We have a secondary problem; how do we dispose of this? Depending on local regulations, dumping many kinds of hazardous chemicals down a drain is illegal. Even without regulations, there are certain chemicals that should not be dumped down a drain regardless. Without a label, we can’t be sure. The same is true for disposing of chemicals in the dumpster or garbage dump. Not knowing what chemicals are in this jug essentially make it “toxic waste”, with no easy way to get rid of it. It is quite a headache just because somebody did not feel like properly labeling or emptying that container when they were through using that product.

So Many Chemicals in the World

54,973,018. That’s how many registered organic and inorganic substances there were in the world when I wrote this sentence, according to the Chemical Abstracts Service (CAS). The Toxic Substances Control Act (TSCA) gives the EPA in the United States the authority to maintain an inventory of all chemicals used in commerce (excluding chemicals used in foods and food additives, pesticides, drugs, cosmetics, tobacco, nuclear material, or munitions). To date, their inventory contains 84,000 such chemicals. Over 1670 of these are considered hazardous substances which your employer is required to inform you when you are working with them. You’ve probably seen products which state “This product contains a chemical known to the state of California…” There are somewhere in the neighborhood of  750 chemicals listed under California’s Proposition 65 which are known to cause cancer or reproductive toxicity.

Of course, over 78% of the high volume chemicals produced have not had even basic toxicological testing (see Toxic Ignorance, published by the Environmental Defense Fund), let alone testing for carcinogenic properties. “High Volume” of course does not include all 84,000 chemicals used in commerce; in 1990, that list included a mere 2971 chemicals. In other words, around 653 chemicals have been tested for their toxicity by 1990. What a far cry that is  from the 54,980,438 registered chemicals in existence (when I wrote this sentence). Some estimates put the total amount of chemicals tested worldwide for carcinogenic properties at around 900. Nine hundred out of nearly 55 million.

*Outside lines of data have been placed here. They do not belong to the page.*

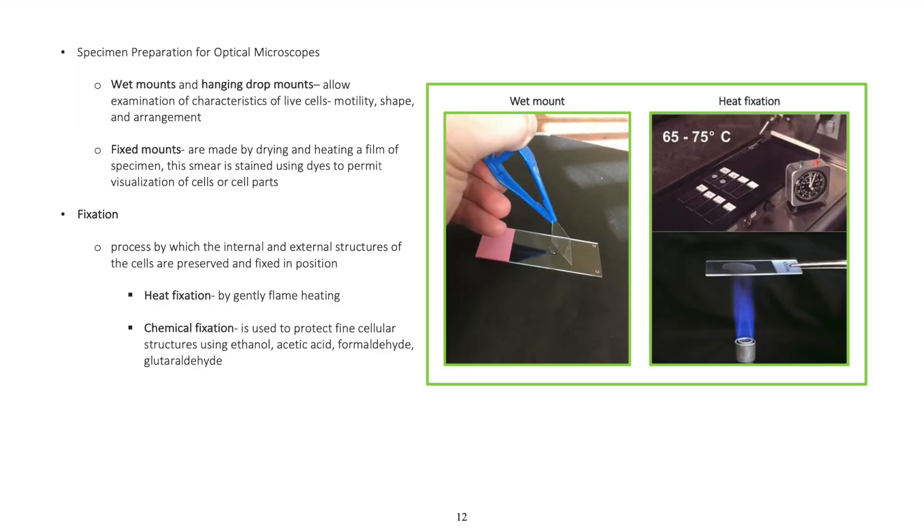Specimen preparation for optical microscopes. Wet mounts and hanging drop mounts allow examination of characteristics of live cells, such as motility, shape, and arrangement.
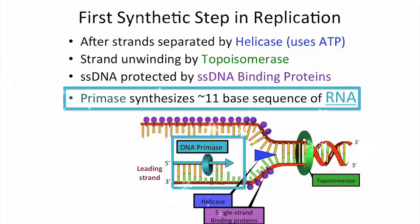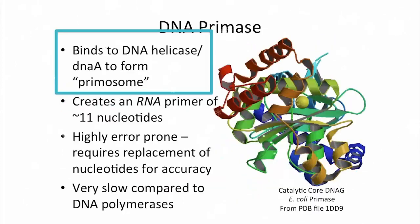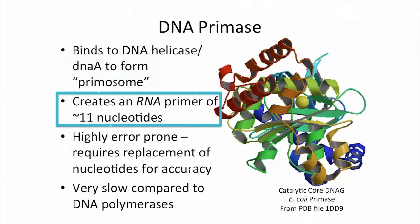Every time we start making DNA, it starts with a primer. And in cells, that primer is RNA. DNA primase interacts with the helix and helicase, forming the primasome, which creates the RNA primer.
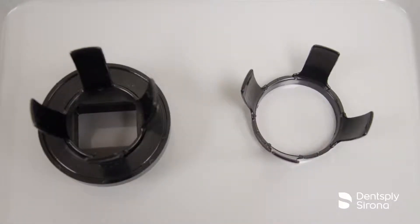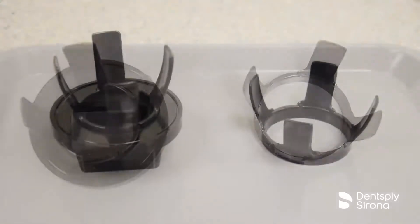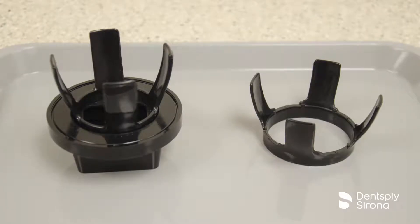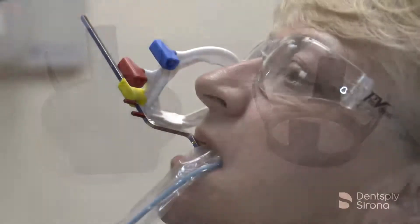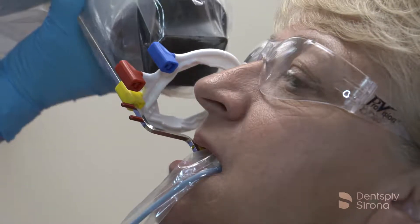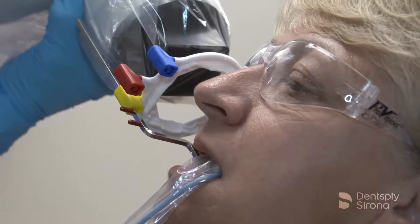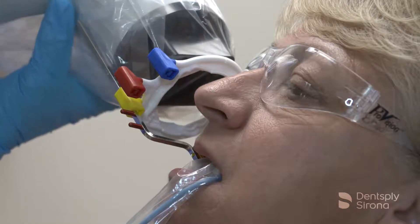The RIN universal collimator allows the clinician to align the beam and prevent misfocusing of x-rays by absorbing divergent radiation, and reduces the patient radiation dosage by 40 percent. Collimation protects patients by limiting the size of the primary x-ray beam to the size of a number two film. The RIN universal collimator complies with the NCRP Report 145.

What’s a props person to do? When you look at all the products you use – spray paints, adhesives, epoxies, mold-making and casting, coatings, sealants, resins, foams, cleaners, and so on and so on – and count up all the various chemicals contained within, you could have hundreds of hazardous and carcinogenic substances which you are exposed to on a daily basis. If you wish to make a career of making props, that could mean several decades of exposure. It adds up quickly.

One shouldn’t generalize about safety, because proper safety procedures involve specific actions for specific chemicals. But if one were to distill down the essence of safety it is this: don’t breathe anything but air, and don’t get stuff on you. Always use the least-toxic product in every situation. Often, the only benefit of a more-toxic option is speed, or ease of use. Formula 409 may cut grease faster and with less effort then soap and a scrubber, but soap will not be absorbed through your skin and cause reproductive harm.

In the brief time it took you to read this article, around 24 chemicals have been added to the CAS database. As I write this sentence, the number stands at 54,980,470.